▸ Exercise aim:
Pick out and copy every line below that has the word "Foto".

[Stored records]
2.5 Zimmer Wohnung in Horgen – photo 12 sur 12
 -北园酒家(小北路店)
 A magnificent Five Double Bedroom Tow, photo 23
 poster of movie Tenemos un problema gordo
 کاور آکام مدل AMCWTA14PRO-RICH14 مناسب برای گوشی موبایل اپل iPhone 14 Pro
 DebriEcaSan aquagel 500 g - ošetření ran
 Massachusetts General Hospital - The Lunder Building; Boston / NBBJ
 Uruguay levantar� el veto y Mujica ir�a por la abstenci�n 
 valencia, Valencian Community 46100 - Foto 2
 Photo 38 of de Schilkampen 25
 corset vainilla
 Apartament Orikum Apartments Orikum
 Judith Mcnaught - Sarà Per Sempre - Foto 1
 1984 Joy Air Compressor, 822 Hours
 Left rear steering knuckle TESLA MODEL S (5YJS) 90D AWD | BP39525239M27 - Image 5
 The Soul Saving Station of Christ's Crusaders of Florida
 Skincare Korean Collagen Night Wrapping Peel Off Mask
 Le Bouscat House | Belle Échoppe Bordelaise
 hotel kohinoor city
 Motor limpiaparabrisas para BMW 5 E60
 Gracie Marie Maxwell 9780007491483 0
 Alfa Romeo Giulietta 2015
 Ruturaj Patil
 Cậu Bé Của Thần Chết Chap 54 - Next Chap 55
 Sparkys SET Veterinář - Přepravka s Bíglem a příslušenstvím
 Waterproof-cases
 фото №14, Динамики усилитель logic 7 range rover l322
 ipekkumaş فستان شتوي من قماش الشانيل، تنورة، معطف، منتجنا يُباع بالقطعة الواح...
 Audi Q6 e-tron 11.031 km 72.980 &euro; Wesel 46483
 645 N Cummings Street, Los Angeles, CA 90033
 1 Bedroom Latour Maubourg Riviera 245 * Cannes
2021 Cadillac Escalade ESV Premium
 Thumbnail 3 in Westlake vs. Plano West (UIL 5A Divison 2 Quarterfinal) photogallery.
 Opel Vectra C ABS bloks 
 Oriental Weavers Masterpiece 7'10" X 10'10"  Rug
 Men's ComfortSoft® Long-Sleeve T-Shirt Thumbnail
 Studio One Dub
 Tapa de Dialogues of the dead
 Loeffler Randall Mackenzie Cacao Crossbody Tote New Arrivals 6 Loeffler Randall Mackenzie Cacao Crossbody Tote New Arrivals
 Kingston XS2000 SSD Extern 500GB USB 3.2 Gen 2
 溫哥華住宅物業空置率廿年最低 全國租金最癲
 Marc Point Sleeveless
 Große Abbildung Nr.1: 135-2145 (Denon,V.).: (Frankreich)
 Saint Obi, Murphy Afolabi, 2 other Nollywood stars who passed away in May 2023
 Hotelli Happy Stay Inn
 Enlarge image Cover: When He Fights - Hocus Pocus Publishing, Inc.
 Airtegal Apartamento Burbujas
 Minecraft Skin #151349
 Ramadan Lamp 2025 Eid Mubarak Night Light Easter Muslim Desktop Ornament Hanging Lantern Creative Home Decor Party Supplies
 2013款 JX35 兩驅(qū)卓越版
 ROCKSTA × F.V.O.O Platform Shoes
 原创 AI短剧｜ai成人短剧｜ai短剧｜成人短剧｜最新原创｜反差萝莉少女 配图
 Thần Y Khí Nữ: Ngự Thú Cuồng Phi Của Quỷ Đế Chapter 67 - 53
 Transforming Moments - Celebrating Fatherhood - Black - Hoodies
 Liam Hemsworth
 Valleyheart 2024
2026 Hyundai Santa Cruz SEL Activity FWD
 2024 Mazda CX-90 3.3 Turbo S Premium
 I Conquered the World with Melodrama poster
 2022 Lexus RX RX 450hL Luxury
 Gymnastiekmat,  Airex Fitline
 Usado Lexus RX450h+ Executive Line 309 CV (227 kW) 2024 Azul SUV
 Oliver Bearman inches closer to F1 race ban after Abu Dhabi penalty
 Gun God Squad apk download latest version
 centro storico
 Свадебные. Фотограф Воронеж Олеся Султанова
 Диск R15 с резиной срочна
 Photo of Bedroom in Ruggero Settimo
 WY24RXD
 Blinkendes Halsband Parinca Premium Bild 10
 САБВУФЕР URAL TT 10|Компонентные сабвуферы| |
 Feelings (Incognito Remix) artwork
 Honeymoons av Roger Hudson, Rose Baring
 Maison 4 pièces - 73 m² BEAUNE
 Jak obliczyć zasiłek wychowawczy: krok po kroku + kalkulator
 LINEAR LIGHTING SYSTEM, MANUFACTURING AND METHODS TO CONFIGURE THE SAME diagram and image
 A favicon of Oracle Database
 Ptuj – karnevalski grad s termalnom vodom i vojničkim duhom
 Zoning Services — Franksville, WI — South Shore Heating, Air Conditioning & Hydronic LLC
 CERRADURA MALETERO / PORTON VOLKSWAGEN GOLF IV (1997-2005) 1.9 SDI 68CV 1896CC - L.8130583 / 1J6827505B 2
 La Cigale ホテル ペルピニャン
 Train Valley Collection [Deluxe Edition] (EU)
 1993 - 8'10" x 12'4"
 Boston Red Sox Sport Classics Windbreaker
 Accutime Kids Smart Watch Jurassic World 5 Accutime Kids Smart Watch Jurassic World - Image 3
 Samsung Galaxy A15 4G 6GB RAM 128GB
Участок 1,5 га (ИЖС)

▸ Result below:
 valencia, Valencian Community 46100 - Foto 2
 Judith Mcnaught - Sarà Per Sempre - Foto 1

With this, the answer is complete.